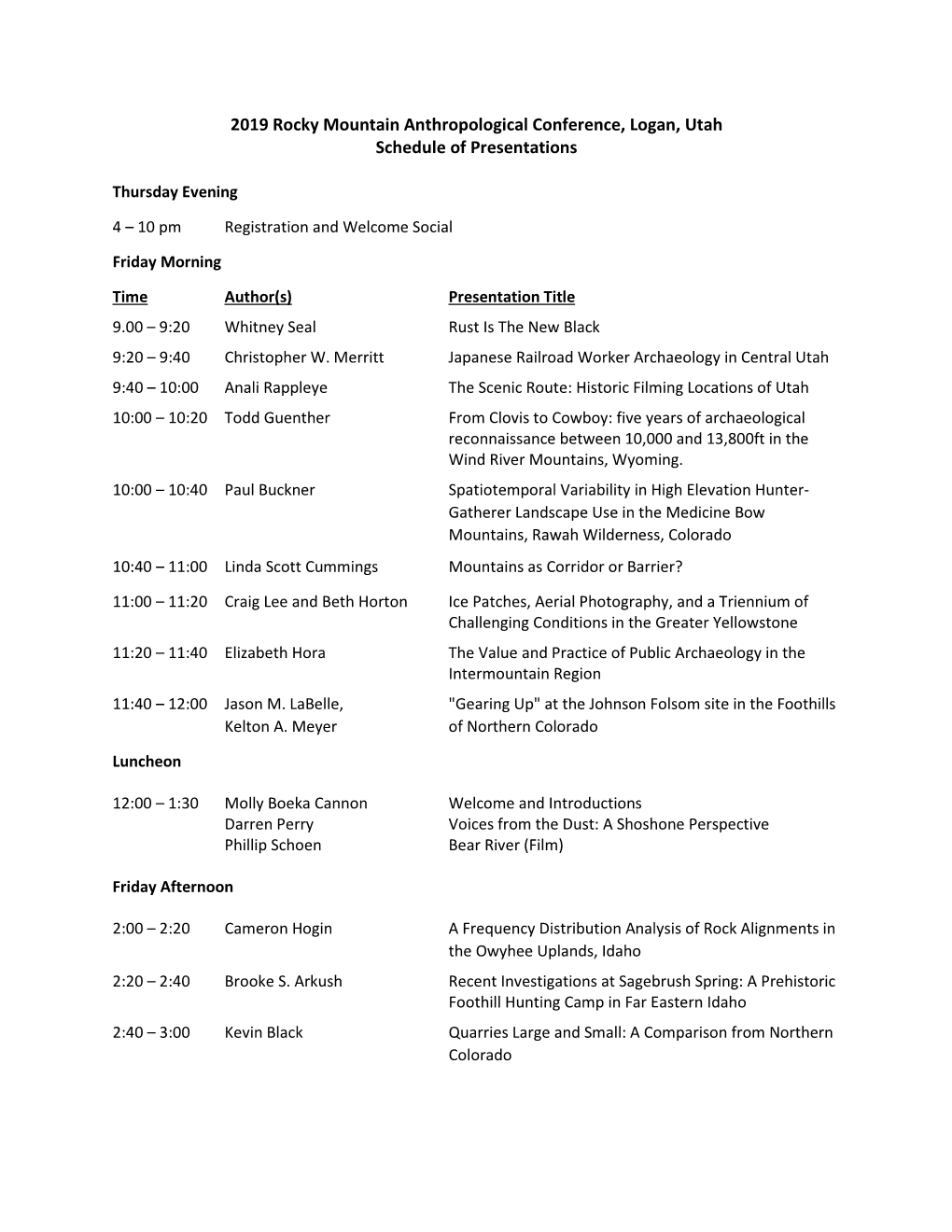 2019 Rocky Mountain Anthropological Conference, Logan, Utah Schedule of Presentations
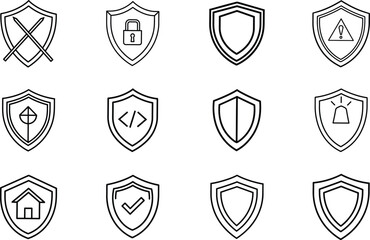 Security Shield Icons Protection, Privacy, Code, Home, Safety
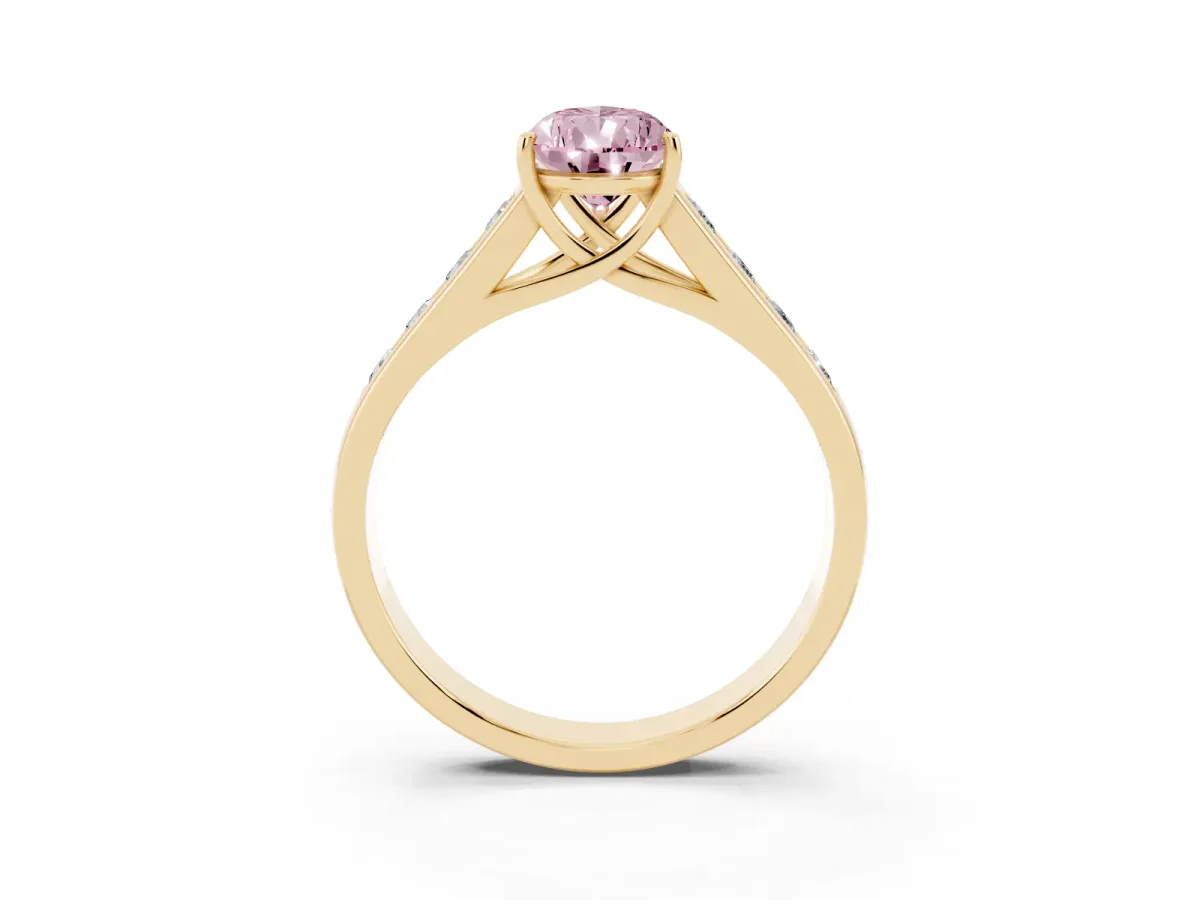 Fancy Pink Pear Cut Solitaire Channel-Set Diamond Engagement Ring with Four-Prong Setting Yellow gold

Problem to solve: The full listing, transcribed exactly and without its pictures, is the expected result.

Finished exercise:
 2019 Rocky Mountain Anthropological Conference, Logan, Utah Schedule of Presentations
 Security Shield Icons Protection, Privacy, Code, Home, Safety
 Fancy Pink Pear Cut Solitaire Channel-Set Diamond Engagement Ring with Four-Prong Setting Yellow gold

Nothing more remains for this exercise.